Hey guys, I have a long text with a variable number of tokens. A token is a sequence of characters with optional parameters.

Simplified example:

some text
second line
[reference:ABC,DEF,GHI]
some other text
[different-token]
again some text

I'm wondering if Tokenizer could be used to convert the text into something like:

array(
  array('value' => "some text\nsecond line", 'type' => "text"),
  array('value' => array(
    array('value' => 'reference', 'type' => 'component'),
    array('value' => 'ABC,DEF,GHI', 'type' => 'parameters'),
  ), 'type' => 'token'),
  array('value' => "some other text", 'type' => "text"),
  array('value' => array(
    array('value' => 'different-token', 'type' => 'component'),
  ), 'type' => 'token'),
  array('value' => "again some text", 'type' => "text"),
)

The format of the output array doesn't really matter.

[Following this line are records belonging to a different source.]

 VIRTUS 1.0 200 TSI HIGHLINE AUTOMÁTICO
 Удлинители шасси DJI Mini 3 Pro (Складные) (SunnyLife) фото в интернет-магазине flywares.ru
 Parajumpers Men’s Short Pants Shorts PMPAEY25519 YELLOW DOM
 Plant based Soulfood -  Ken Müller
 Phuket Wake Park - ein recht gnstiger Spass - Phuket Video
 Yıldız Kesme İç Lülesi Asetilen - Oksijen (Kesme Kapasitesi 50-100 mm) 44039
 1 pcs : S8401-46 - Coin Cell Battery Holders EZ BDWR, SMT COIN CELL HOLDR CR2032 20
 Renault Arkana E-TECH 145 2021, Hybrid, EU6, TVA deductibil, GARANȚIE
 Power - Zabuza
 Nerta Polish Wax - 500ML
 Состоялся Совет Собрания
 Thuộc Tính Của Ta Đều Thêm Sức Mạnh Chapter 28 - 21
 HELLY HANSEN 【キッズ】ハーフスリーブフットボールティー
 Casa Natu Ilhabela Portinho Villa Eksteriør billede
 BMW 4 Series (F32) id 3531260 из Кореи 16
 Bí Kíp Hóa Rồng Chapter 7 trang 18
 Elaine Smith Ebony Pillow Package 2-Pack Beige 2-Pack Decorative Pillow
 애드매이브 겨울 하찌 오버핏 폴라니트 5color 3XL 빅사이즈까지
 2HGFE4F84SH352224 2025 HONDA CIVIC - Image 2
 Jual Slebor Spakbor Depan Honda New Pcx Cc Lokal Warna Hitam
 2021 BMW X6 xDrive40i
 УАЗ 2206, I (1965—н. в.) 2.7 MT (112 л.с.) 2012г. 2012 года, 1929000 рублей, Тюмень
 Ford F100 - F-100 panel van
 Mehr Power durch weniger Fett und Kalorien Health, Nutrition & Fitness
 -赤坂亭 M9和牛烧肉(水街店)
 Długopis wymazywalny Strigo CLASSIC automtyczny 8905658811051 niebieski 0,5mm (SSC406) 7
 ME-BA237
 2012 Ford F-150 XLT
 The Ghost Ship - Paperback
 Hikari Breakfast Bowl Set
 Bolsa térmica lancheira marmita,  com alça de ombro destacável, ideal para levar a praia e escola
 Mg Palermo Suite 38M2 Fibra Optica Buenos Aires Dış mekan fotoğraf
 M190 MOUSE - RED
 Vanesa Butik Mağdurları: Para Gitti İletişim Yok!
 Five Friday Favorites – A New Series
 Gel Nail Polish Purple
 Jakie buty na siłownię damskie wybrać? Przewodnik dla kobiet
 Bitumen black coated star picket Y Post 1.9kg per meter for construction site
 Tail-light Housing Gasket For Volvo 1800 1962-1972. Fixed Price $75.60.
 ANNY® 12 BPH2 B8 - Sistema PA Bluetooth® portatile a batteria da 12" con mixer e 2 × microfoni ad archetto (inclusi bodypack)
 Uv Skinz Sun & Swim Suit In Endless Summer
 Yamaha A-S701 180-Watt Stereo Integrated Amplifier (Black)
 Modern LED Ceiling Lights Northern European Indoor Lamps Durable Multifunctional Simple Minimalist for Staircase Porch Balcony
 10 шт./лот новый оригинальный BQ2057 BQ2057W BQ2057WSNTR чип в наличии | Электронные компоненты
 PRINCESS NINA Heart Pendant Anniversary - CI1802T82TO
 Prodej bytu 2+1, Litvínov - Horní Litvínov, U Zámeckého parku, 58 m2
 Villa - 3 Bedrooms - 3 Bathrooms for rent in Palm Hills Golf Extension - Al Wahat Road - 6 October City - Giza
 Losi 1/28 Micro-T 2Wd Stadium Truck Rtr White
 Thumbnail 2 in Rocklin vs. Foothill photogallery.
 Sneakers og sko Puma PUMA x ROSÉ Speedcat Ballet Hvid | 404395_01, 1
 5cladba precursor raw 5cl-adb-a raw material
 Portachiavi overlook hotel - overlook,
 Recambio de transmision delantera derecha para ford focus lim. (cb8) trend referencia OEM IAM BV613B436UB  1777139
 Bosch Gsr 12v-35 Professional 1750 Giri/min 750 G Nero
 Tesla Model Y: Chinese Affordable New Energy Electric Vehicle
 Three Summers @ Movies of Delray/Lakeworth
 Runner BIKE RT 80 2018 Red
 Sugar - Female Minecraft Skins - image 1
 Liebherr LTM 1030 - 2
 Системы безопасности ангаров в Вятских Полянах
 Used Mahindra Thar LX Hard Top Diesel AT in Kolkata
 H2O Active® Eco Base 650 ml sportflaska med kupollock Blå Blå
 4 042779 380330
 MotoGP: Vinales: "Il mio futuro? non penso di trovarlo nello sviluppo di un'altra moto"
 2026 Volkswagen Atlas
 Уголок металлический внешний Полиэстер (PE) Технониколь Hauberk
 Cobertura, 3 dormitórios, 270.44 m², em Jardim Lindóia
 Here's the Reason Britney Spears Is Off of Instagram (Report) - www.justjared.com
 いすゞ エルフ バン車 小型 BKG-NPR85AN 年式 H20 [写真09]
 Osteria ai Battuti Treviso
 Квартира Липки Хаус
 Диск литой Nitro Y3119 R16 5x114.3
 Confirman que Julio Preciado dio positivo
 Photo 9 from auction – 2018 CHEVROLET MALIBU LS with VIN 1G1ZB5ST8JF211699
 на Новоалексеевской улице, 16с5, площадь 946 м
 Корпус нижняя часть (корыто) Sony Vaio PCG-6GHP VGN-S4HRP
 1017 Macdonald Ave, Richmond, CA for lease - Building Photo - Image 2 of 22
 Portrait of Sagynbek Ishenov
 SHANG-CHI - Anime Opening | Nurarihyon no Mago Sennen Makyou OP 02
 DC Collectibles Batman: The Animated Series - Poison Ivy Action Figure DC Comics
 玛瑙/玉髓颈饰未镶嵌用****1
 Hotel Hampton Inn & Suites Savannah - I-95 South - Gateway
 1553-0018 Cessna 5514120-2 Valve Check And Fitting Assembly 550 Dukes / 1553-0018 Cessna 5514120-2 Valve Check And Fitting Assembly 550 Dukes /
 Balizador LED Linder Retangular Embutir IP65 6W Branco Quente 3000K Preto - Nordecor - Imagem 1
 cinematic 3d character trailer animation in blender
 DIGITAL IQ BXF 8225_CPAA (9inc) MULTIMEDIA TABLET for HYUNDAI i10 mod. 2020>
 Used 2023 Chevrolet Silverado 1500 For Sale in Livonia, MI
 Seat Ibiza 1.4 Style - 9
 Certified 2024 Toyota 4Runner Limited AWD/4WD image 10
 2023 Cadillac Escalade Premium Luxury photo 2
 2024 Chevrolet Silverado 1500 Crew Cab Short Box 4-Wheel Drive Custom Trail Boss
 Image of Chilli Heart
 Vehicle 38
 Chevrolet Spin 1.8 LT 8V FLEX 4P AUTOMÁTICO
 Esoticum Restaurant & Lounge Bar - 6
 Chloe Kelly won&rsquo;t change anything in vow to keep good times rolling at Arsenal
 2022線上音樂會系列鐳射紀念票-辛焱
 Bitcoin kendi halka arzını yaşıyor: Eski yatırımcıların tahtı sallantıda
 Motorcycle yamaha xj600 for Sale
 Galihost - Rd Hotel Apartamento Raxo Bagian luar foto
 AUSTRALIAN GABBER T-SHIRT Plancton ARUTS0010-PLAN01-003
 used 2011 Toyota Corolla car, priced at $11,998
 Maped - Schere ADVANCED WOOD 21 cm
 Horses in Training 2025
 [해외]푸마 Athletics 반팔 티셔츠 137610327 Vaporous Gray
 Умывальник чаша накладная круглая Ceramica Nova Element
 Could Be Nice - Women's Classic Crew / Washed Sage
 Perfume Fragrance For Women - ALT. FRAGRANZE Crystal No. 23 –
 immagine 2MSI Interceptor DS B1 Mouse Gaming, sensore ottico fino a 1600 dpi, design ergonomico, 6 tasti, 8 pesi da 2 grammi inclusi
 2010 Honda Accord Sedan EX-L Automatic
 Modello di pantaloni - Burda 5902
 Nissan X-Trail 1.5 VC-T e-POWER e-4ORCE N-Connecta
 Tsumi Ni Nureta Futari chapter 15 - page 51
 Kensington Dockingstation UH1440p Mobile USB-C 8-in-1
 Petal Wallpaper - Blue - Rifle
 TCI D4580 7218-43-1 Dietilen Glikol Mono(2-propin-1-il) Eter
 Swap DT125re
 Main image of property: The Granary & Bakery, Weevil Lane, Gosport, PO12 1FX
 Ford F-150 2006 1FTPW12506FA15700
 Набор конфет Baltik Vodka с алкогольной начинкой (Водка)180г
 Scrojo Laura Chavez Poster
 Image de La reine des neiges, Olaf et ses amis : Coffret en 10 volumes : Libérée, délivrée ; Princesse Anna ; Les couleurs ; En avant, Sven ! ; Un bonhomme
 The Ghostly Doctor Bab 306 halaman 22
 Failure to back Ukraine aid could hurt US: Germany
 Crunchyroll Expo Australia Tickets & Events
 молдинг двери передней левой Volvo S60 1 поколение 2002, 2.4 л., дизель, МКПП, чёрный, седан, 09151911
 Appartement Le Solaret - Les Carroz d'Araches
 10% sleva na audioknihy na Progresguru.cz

I just need pieces of texts and components with their parameters.

I know how to do it the hard way with preg_split() in two iterations but I'm hoping for some more clever way.

HosipLan

Tokenizer is “only” a base for complex lexer/parser. You can have a look at real usage here or here.

petr.pavel

Thank you for the links. Coincidentally, your PropertiesLexer.php was one of the sources I've read when trying to understand the Tokenizer. I also studied Nette unit tests.

I know close to nothing about lexical analysis and I was wondering if the Tokenizer could be misused for my purpose. I guess not. Or perhaps yes, but with no additional benefit to simple preg_split().

Thanks Filip.